15.3.3 Ecological Pyramids
An ecological pyramid is a graphic representation of the number, biomass or energy at successive trophic levels. Three types:
- Pyramid of Numbers — number of individuals at each trophic level. Usually upright (many plants → fewer herbivores → fewer carnivores). Inverted when a single large producer (one oak tree) supports many herbivores (caterpillars).
- Pyramid of Biomass — total dry weight at each level. Upright in terrestrial ecosystems (more plant biomass than herbivore biomass). Inverted in pelagic (open ocean) ecosystems where tiny phytoplankton (low standing crop) support large zooplankton biomass because phytoplankton turn over very rapidly.
- Pyramid of Energy — energy content at each level. Always upright — thermodynamic laws prevent energy from increasing up the trophic ladder. This is the most fundamental pyramid.
15.3.4 Biogeochemical Cycles
Biogeochemical cycles describe the movement of chemical elements between the living (bio) and non-living (geo, chemical) components. Unlike energy, matter is recycled. Major cycles: water, carbon, nitrogen, phosphorus, sulphur.
Carbon cycle. Carbon is fixed from atmospheric CO2 by photosynthesis (terrestrial plants, marine phytoplankton). It enters food webs and returns to atmosphere via respiration, decomposition and combustion. Oceans are the largest reservoir (~38,000 Gt C), followed by fossil fuel deposits (~3,700 Gt), soil (~2,500 Gt), atmosphere (~850 Gt) and living biomass (~600 Gt). Anthropogenic combustion of fossil fuels releases ~10 Gt C/yr, disrupting the natural balance.

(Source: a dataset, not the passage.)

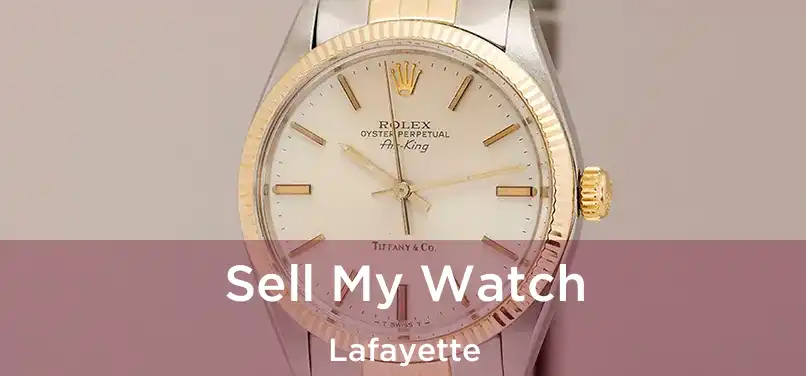  Sell My Watch Lafayette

Nitrogen cycle. Atmosphere is 78% N2 but it is metabolically inert unless “fixed”. Nitrogen fixation: biological (symbiotic Rhizobium in legume nodules; free-living Azotobacter, Anabaena, Clostridium) or industrial (Haber-Bosch: N2 + 3H2 → 2NH3) or lightning. Fixed N enters soil as NH4+ (ammonium). Nitrification: Nitrosomonas oxidises NH3 → NO2−; Nitrobacter oxidises NO2− → NO3− (nitrate, plant-available). Denitrification: Pseudomonas and Thiobacillus reduce NO3− back to N2 under anaerobic conditions. Ammonification: decomposers release NH4+ from organic N.
Phosphorus cycle. Sedimentary cycle — no atmospheric phase. Phosphate weathers from rocks into soil solution; plants absorb it as H2PO4−; passes through food web; decomposers return it to soil; some lost to ocean sediment. Often the limiting nutrient in freshwater and terrestrial ecosystems. No gaseous form — slow cycle.
Sulphur cycle. Reservoirs: rocks (pyrite), soil, ocean, atmosphere. Enters atmosphere as SO2 from volcanoes, industrial combustion and decomposition. Oxidised to SO42− (sulphate); dissolved in rain as H2SO4 (acid rain). Desulfovibrio reduces sulphate under anaerobic conditions.
Mnemonic — Nitrogen cycle microbes in order
“Fixers Need Numbers Back” — Fixation (Rhizobium) → Nitrification step 1 (Nitrosomonas: NH3→NO2−) → Nitrification step 2 (Nitrobacter: NO2−→NO3−) → Back to N2 by denitrification (Pseudomonas).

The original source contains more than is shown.